Aim of the task: Pictures in the data must not be copied, but everything else should be output exactly.

Data provided:
○ ○ ○ ○ ○ ○ ○

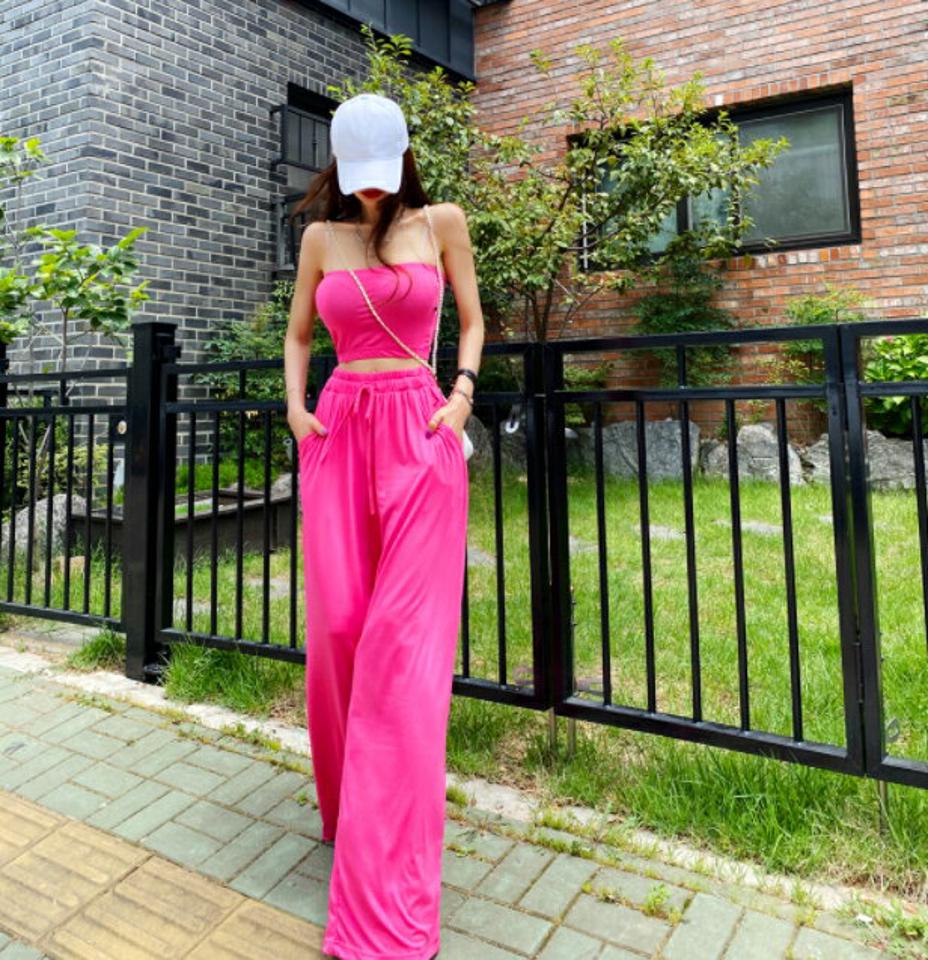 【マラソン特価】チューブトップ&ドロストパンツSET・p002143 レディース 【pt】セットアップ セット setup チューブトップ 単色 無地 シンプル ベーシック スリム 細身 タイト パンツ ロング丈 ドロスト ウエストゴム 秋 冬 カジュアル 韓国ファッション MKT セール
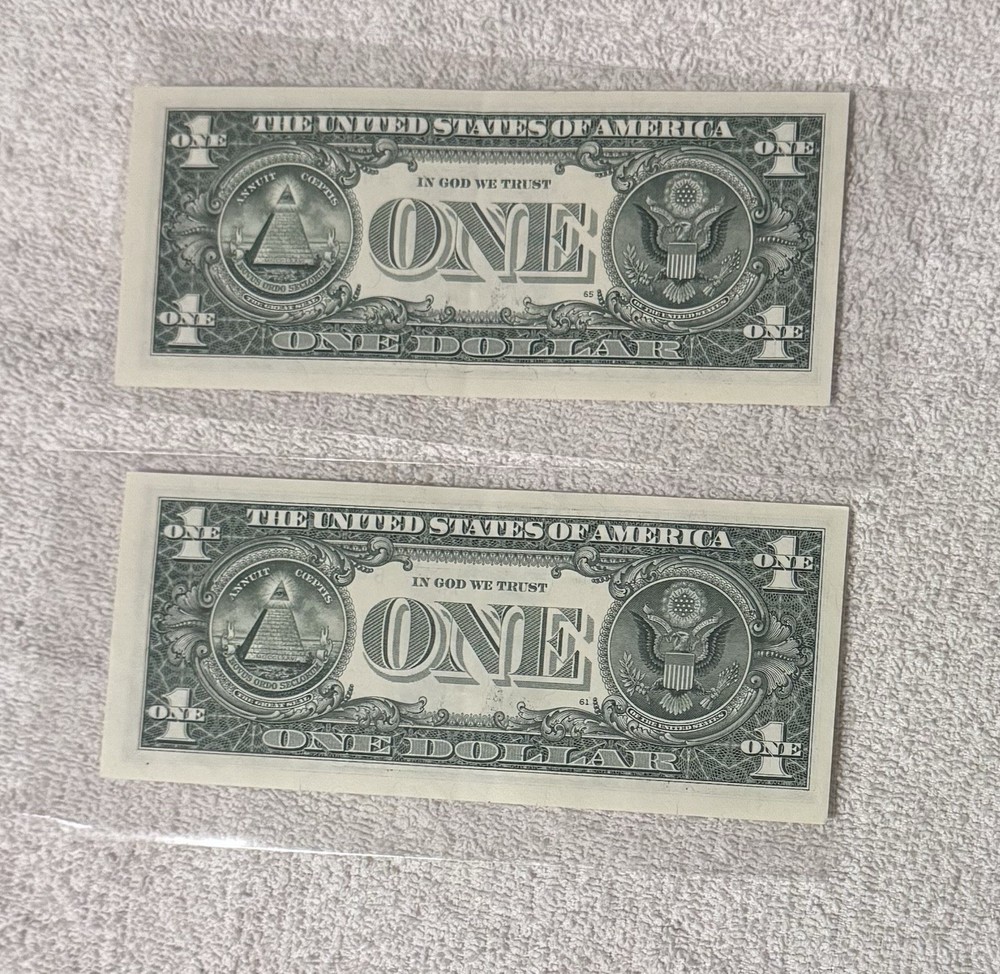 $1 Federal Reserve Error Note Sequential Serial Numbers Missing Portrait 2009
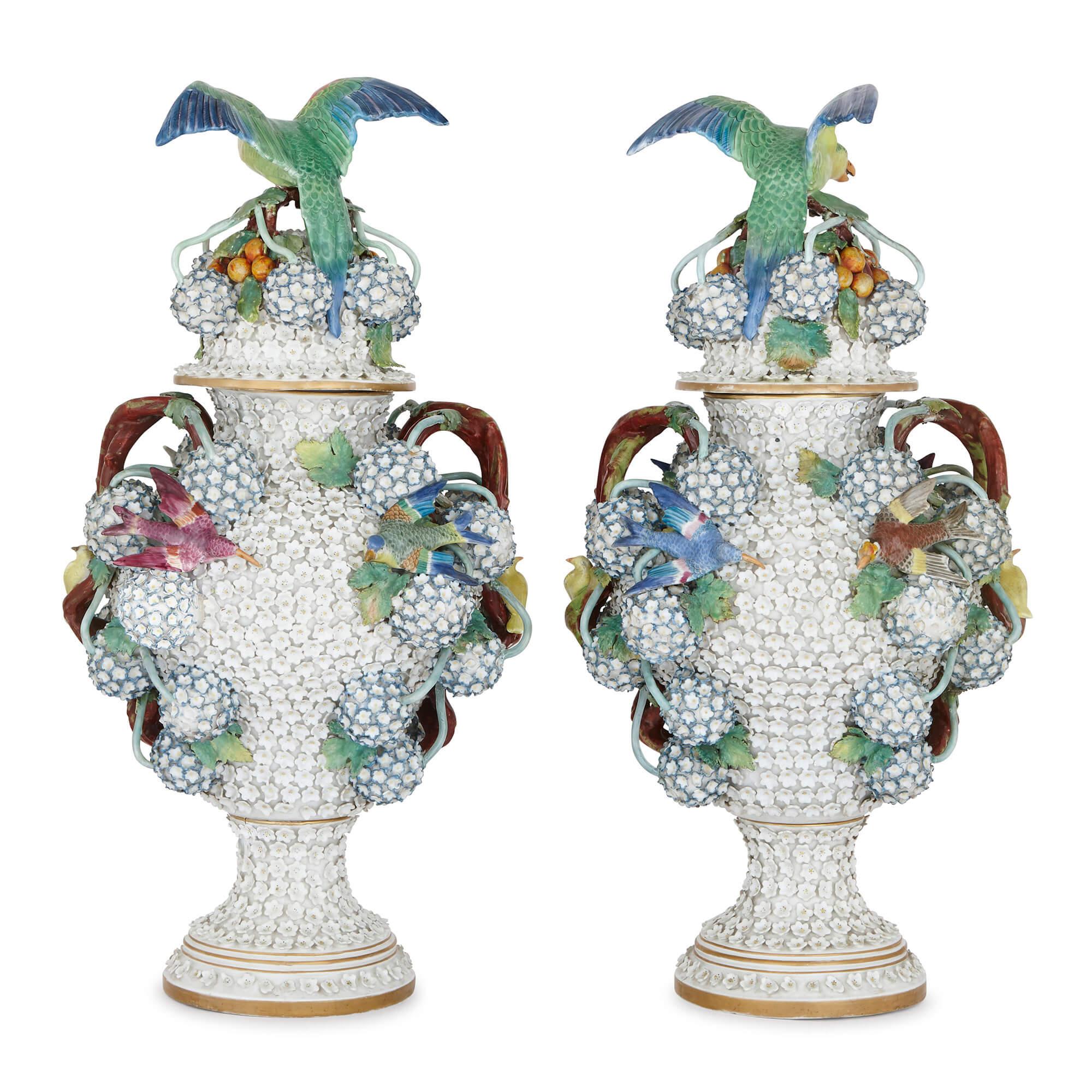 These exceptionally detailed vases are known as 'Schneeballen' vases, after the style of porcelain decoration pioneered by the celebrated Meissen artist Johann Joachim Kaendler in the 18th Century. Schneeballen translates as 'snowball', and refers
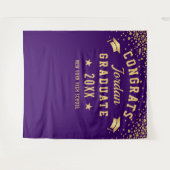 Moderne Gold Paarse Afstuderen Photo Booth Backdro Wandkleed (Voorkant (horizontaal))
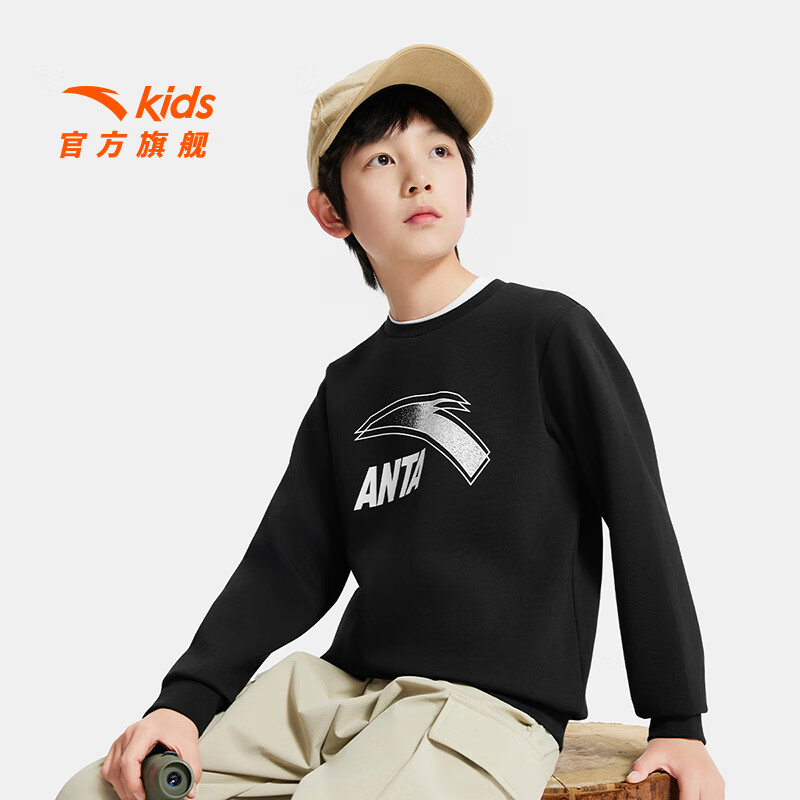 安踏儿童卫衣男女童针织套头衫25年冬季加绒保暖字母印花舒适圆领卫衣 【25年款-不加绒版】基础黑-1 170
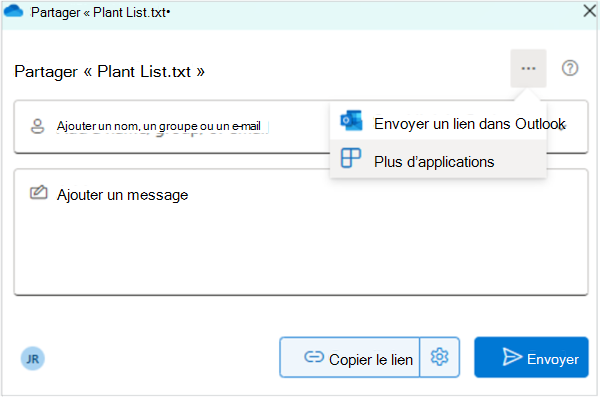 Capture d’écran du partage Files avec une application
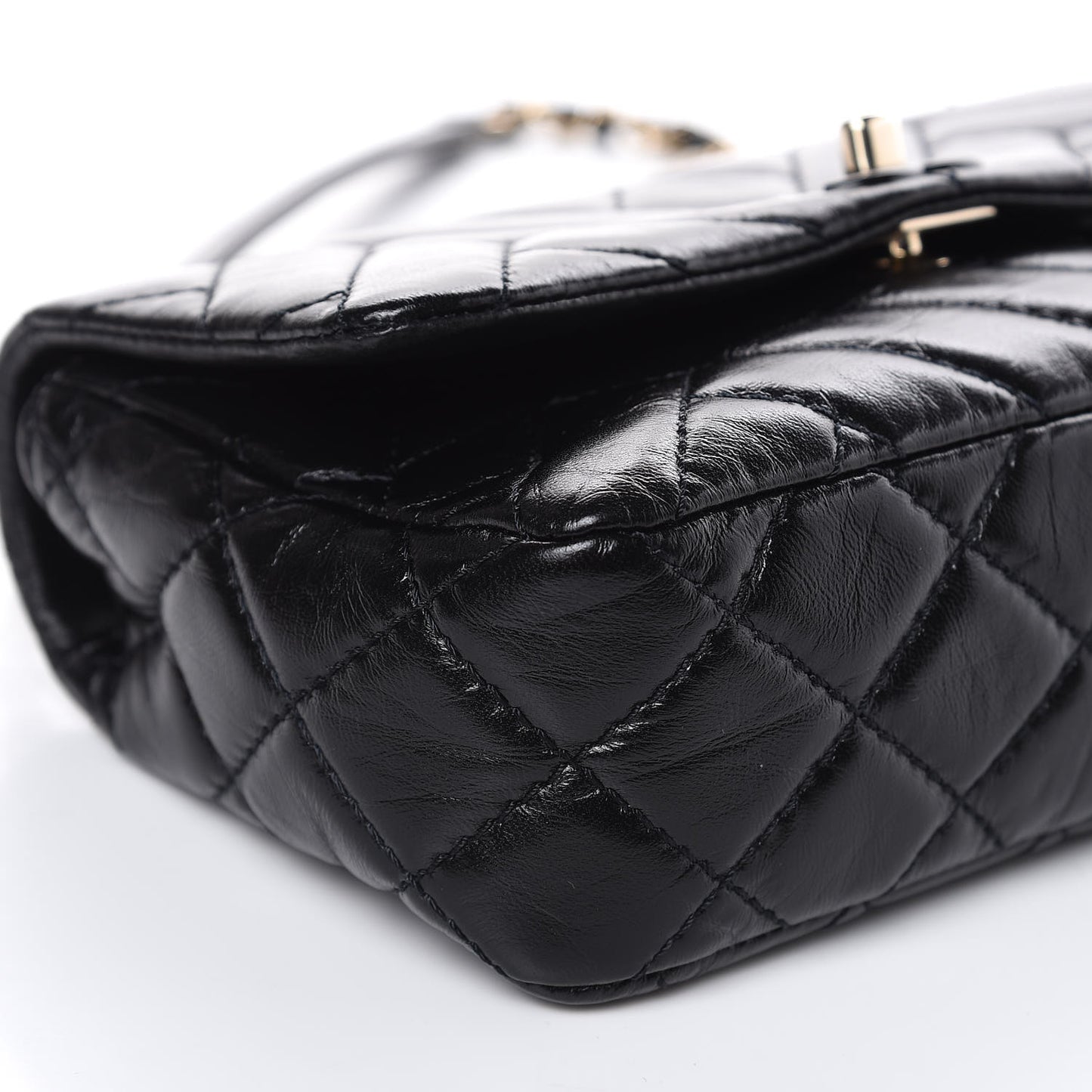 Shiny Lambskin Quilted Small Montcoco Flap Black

○ ○ ○ ○ ○ ○ ○

Written answer:
 【マラソン特価】チューブトップ&ドロストパンツSET・p002143 レディース 【pt】セットアップ セット setup チューブトップ 単色 無地 シンプル ベーシック スリム 細身 タイト パンツ ロング丈 ドロスト ウエストゴム 秋 冬 カジュアル 韓国ファッション MKT セール
 $1 Federal Reserve Error Note Sequential Serial Numbers Missing Portrait 2009
 These exceptionally detailed vases are known as 'Schneeballen' vases, after the style of porcelain decoration pioneered by the celebrated Meissen artist Johann Joachim Kaendler in the 18th Century. Schneeballen translates as 'snowball', and refers
 Moderne Gold Paarse Afstuderen Photo Booth Backdro Wandkleed (Voorkant (horizontaal))
 安踏儿童卫衣男女童针织套头衫25年冬季加绒保暖字母印花舒适圆领卫衣 【25年款-不加绒版】基础黑-1 170
 Capture d’écran du partage Files avec une application
 Shiny Lambskin Quilted Small Montcoco Flap Black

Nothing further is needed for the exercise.